Bu soykırım, yeni değil, 2 Kasım 1917'de İngiltere Dışişleri Balfour'un, 'başkalarının topraklarını, başkalarına peşkeş çekmesi'yle başladı... Buna seyirci kalan, göz yuman, itiraz etmeyen herkesin sorumluluğu var...
Bugün Gazze'de, savunmasız sivil kitlelerin evlerini füzelerle yıkmaktan da öteye, hastâneler, hattâ câmi ve kiliseler bile bombalanıp, binlerce insan katlediliyor.

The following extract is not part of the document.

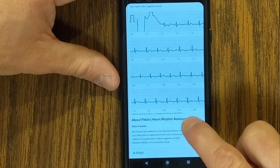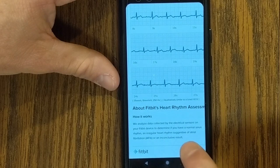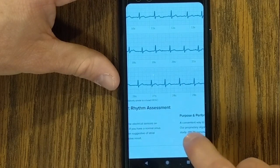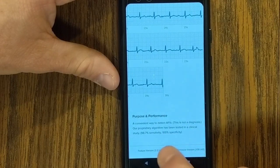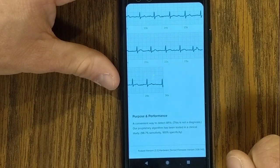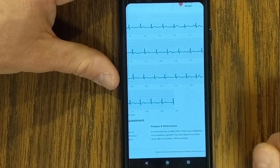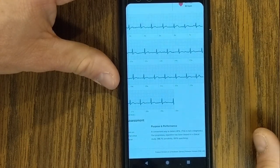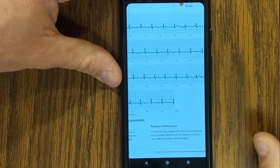At the bottom, it gives a little more information on how it works. 'We analyze data collected by the electrical sensors on your Fitbit device to determine if you have a normal sinus rhythm or an irregular heart rhythm.' Under purpose and performance, it says it's a convenient way to detect AFib, this is not a diagnosis, and their proprietary algorithm has been tested in a clinical study. That's the PDF that gets generated — you can share it, save it, download it, or even print it. So if you want to share that with your doctor or take that information somewhere else, you can do that.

2,5 milyon insanı, haftalarca susuz, ekmeksiz, ilaçsız, elektriksiz bırakan bu 'Siyonist çete'nin zulmü, 'toplama kampları'nda bile bu kadar yapılmamıştı herhalde ve bugün bu çete, 'anti-semitizm (Yahudi düşmanlığı) bayrağını Hitler'in elinden alıp onun yüzünü ağartıyor.

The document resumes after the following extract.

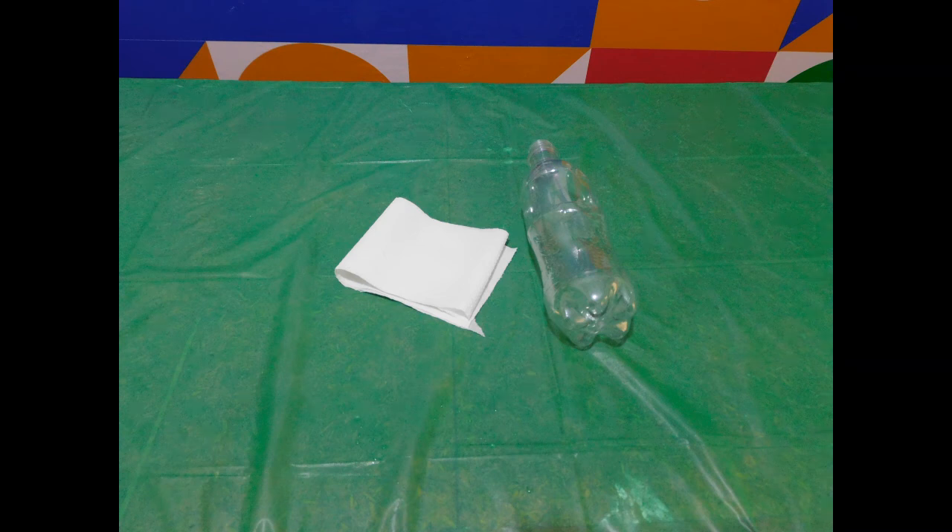For this experiment, you will need a plastic bottle and a piece of paper — we used tissue paper. And remember kids, always have an adult present as you're doing this experiment. Safety first, all the time!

Ve Çağdaş Barbarlığın Medya yansımaları...
1-Batı medyasında, '1400 İsrail vatandaşı ÖLDÜRÜLDÜ' denildikten sonra, '5700 kadar da Gazzelinin ÖLDÜĞÜ'nden söz ediliyor... Sadece, 'Öldürüldü' ve 'Öldü' nitelemeleri bile, sadece kendilerini 'insan' sayan nasıl bir aşağılık zihniyet karşısında olduğumuzu gösteriyor.
Kezâ, o medya kuruluşlarında, sadece öldürülen İsraillilerin acıklı hayat hikâyeleri devamlı anlatılıyor. Filistinli Müslümanlar mı? Onların böcek kadar bile bir değerleri yoktur...

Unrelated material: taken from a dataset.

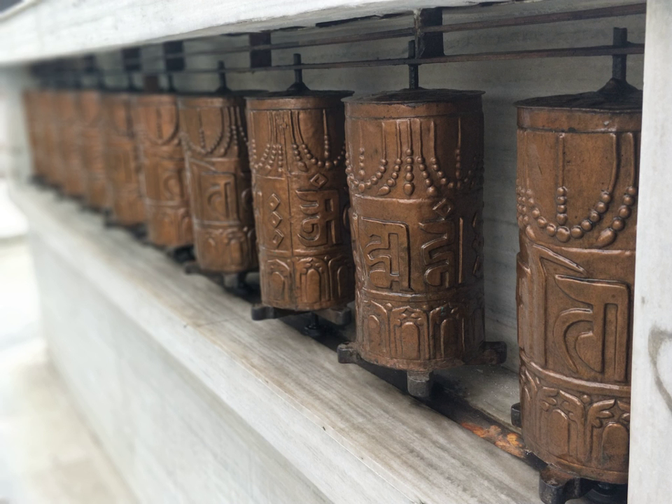According to the lineage texts on prayer wheels, prayer wheels are used to accumulate wisdom and merit and to purify negativities. In Buddhism, Buddhas and Bodhisattvas have created a variety of skillful means to help bring practitioners ever closer to realizing enlightenment.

TRT Haber'in muhabiri Enes Boyraz'ın, 23 Ekim akşamı, bir 'Yahudi kadın'ın, 'Rehineler bir an önce kurtarılmalı... Gazze halkı ise, umûrumda değil... Bu olanlar, onların tercihinin sonucu...' dediğini ve 'bu yaklaşımın çoğu kimse tarafından da dillendirildiğini' aktarması ilginç bir tespitti...
2- Çok izleyicisi olduğu söylenen bir kanalın habercisi bir hanım ise, 23 Ekim akşamı 19.10'da, '1967'den beri İsrail'in olan yerlerden bahsediyoruz...' diyordu... 'İşgal edilmiş yerler'i 'işgalcinin toprağı' zanneden kimseler muhabir olursa, daha ne beklenir...
3- 23 Ekim akşamı, 3-4 kişinin katıldığı bir değerlendirme programında bir gazeteci de, 'Amerikan uçak gemilerinin İsrail'e destek için değil, İsrail'i frenlemek için geldiğini' ileri sürüyordu. Amerikalılar bile bu kadar 'hümanist ve barışçı' bir yorum yapmamışlardı...
4- Dün sabah 09.20 civarında, bir kanalda da, bir akademisyen, 'İsrail'in, bu zamana kadar girdiği bütün savaşlarda, Mısır, Ürdün ve Suriye'yi yenilgiye uğrattığını' anlatırken; 1973'deki Ramazan (ya da onların deyimiyle Yom Kippur) Savaşı'nda, nasıl ağır bir yenilgiye uğradığını Siyonist İsrail rejimi gizlemişti; bu gibi akademisyenler de, onların çizgisine düştüklerini fark edemiyorlardı.
Devlet Bahçeli'nin dünkü çok önemli konuşmasına da inşallah, Cuma günkü yazımızda değinelim.